El éxito de la serie infantil es sostenido y exponencial. Con los años las tiras crecen en páginas y popularidad mientras la altura de sus protagonistas mengua como en aquel relato de Matheson, a la vez sus facciones se redondean al gusto del dibujo de la época y empezamos a poder a diferenciar su personalidad. Ya en los 70, los gemelos, robinhoods de tirachinas, protagonizan su propia revista y con el pasar del tiempo, sus rostros empiezan a aparecer en mercadotecnia de lo más variada: películas, videojuegos, pastelitos.
Se convierten en el segundo TBO español más traducido y vendido solo detrás de Mortadelo y Filemón.

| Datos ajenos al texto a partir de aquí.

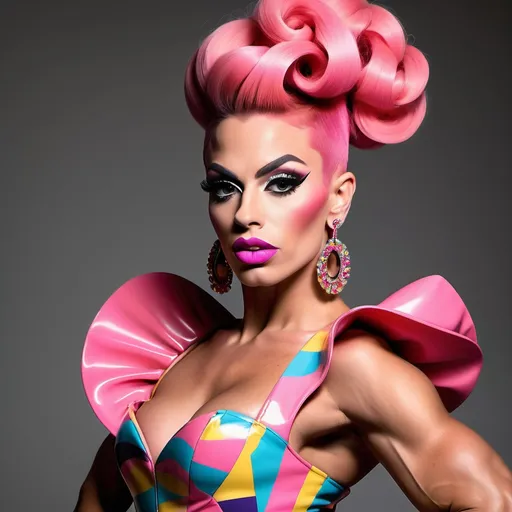 Prompt: Gorgeous ultra-muscular 25-year-old Spanish drag queen bodybuilder with long pink stylish updo wearing a (Moschino dress), high fashion design, colorful patterns, playful and vibrant, couture elegance, luxurious texture, striking silhouette, artistic flair, runway-inspired style, intricate details, eye-catching embellishments, bold color palette, fashionable ambiance, (ultra-detailed), high-quality craftsmanship, fashion illustration vibes, stylish ensemble, (vivid colors), aesthetically stunning.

Anidan, en fin, en el corazón sentimental del país. En la actualidad se celebra su setenta aniversario, y pese a algunos achaques --no hay ninguna colección de cómics en marcha-- siguen vivísimos en la memoria colectiva. Hace algunos años dos de sus películas fueron un éxito en las pantallas de cine. En la página web Humoristán, creada por La Fundación Gin, se acaba de inaugurar una exposición virtual de viñetas Escobar, 70 años de Zipi y Zape donde se rinde homenaje a su memoria.
Debo reconocer que la justificación del título de la crónica, que extrañamente nació antes que el propio artículo e impuso su misteriosa ley, me ha llevado algún quebradero de cabeza. En un primer momento pensé que Zipi podía ser del Madrid y Zape del Barça, uno de derechas y otro de izquierdas. Después, más consistentemente, pensé que el título encontraba su razón de ser en la propia figura de Josep Escobar, clarísimo ejemplo de resistencia republicana en la España franquista.
Se me ocurre ahora otro punto de vista no sé si más acertado, pero sí más original. Tal vez la familia Zapatilla sean los hermanos Machado de nuestra infancia. Así como Manuel y Antonio sintetizaban en sus divergentes sensibilidades las famosas dos Españas, Zipi y Zape y sus padres también se muestran indomables en la defensa de su propio país. El país de la infancia, por parte de los pequeños, donde reina el libre albedrío, la alegría sin cortapisas y el vendaval aventurero frente a ese otro bando enemigo que castiga con disciplina: el casposo y artrítico país de los mayores representado por los padres. Todavía no sé a cuál de los bandos pertenezco.